Vivant elle-même avec une déficience physique, Danièle Dumont réalise bien l’ampleur et la diversité des difficultés vécues par les personnes à mobilité réduite dans leur démarche vers l’emploi. Dans le cadre de sa maîtrise en éthique à l’UQAR, elle analyse le décalage entre la volonté d’intégration et la persistance de la discrimination.

« Les dernières données révèlent que le taux d’emploi de ces personnes demeure très faible », souligne la chercheuse. « En effet, le taux d’emploi des personnes handicapées est d’environ 40 %, alors que celui du reste de la population dépasse les 70 %. Les obstacles ne se limitent toutefois pas qu'à l’embauche. Il y a encore beaucoup de chemin à faire pour une pleine reconnaissance des compétences et des droits de ceux qui se retrouvent en situation de handicap. Leur qualité de vie au travail et leurs conditions d’emploi sont souvent remises en question, et elles reflètent la fragilité de leur situation au sein d’un marché du travail jugé en crise par plusieurs », précise-t-elle.

Le travail constitue une des plus importantes sources de valorisation d’un individu, mais aussi d’intégration sociale. Voilà pourquoi le gouvernement du Québec a exprimé clairement sa volonté d’améliorer cette situation en instaurant en 2008 différents défis et mesures pour favoriser une plus grande participation des personnes handicapées au marché du travail d’ici 2018. Ces orientations traduisent des enjeux éthiques et sociaux liés au handicap en s'appuyant sur des valeurs de solidarité, d’égalité et de justice essentielles à l'amélioration de la situation, mais aussi des objectifs d’urgence économique pour combler les besoins croissants de main-d’œuvre, ou pour diminuer la charge de l’État sur le plan de la santé et de la sécurité sociale.
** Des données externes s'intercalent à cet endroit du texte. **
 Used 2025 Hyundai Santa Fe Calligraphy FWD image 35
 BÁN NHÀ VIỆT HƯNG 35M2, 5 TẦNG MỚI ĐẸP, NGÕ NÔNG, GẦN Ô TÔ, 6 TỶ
Pour son mémoire de maîtrise, Mme Dumont s’intéresse aux principaux conflits d’actions, de normes, de valeurs et de sens qui se forment dans les rapports entre les personnes impliquées.

L’objectif de la recherche est d’enrichir la compréhension et la prise en compte de la réalité des personnes vivant avec une déficience physique dans leur démarche vers l’emploi, par l’étude des valeurs, des attentes, des attitudes et des besoins des parties prenantes évoluant au cœur des situations. « Même si des employeurs font preuve d’une ouverture et d’une flexibilité remarquables envers ces personnes, bon nombre d’entre eux ont encore beaucoup de préjugés sur cette main-d’œuvre. Par exemple, la nécessité d’adapter un poste de travail peut laisser présager que ce sera plus compliqué et plus couteux pour l’employeur », constate-t-elle.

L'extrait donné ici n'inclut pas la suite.